Kedua, mengendalikan laju pertumbuhan penduduk. Pertumbuhan penduduk Sulawesi Selatan harus ditekan sedemikian rupa sehingga berada di bawah satu persen per tahun. Meskipun hasil Sensus Penduduk 2010 menunjukkan laju pertumbuhan penduduk Sulawesi Selatan selama 10 tahun terakhir rata-rata hanya 1,17 persen per tahun dan berada di bawah angka rata-rata nasional (1,49% per tahun), namun angka tersebut masih perlu ditekan ke level yang lebih rendah. Ini diperlukan agar pertumbuhan ekonomi dapat memberi dampak yang lebih berarti bagi perbaikan taraf hidup masyarakat yang diindikasikan oleh peningkatan pendapatan atau pengeluaran per kapita.

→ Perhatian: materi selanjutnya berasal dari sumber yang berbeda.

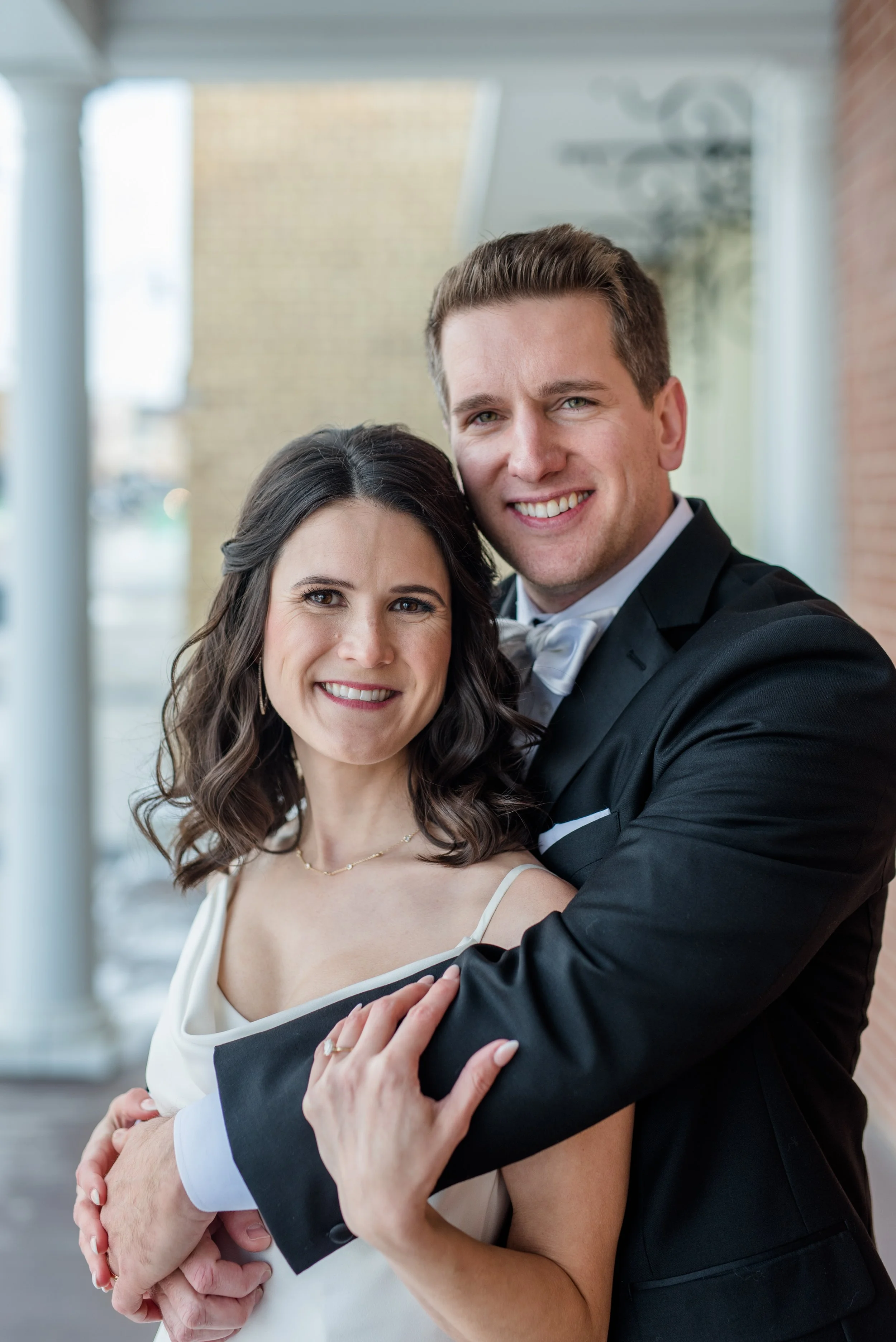 Groom hugs bride from behind as they pose on the covered porch at the Broz in New Prague, Minnesota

Meningkatkan angka harapan hidup merupakan upaya yang paling sulit dari seluruh dimensi IPM. Peningkatan angka harapan hidup dipengaruhi oleh begitu banyak faktor yang saling berinteraksi satu sama lain. Sejumlah faktor yang diidentifikasi berkontribusi terhadap peningkatan derajat kesehatan masyarakat dan memperpanjang usia harapan hidupnya, antara lain, membaiknya perawatan kesehatan, meningkatnya akses penduduk terhadap pelayanan kesehatan, tersedianya sarana dan prasarana kesehatan secara luas dan merata, membaiknya pemahaman dan kemampuan memenuhi kebutuhan gizi dan kalori, membaiknya kualitas dan sanitasi lingkungan, meningkatnya kesadaran masyarakat tentang pentingnya kesehatan, meningkatnya daya beli masyarakat, dan sebagainya.
Terakhir, penting untuk ditegaskan bahwa strategi peningkatan IPM Sulawesi Selatan membutuhkan keterlibatan berbagai stakeholder. Sebagai indeks komposit, IPM terdiri atas sejumlah dimensi dan indikator, dan sebagian dari dimensi dan indikator tersebut bersifat outcomes based. Dengan kata lain, perbaikan dimensi dan indikator tersebut tidak mungkin bisa dicapai dengan program tunggal dan juga aktor tunggal (baca: pemerintah). Implikasinya, di masa depan, perlu dibangun dan dikembangkan sinergitas antar level pemerintahan dan antar SKPD serta kolaborasi antar pelaku/aktor pembangunan.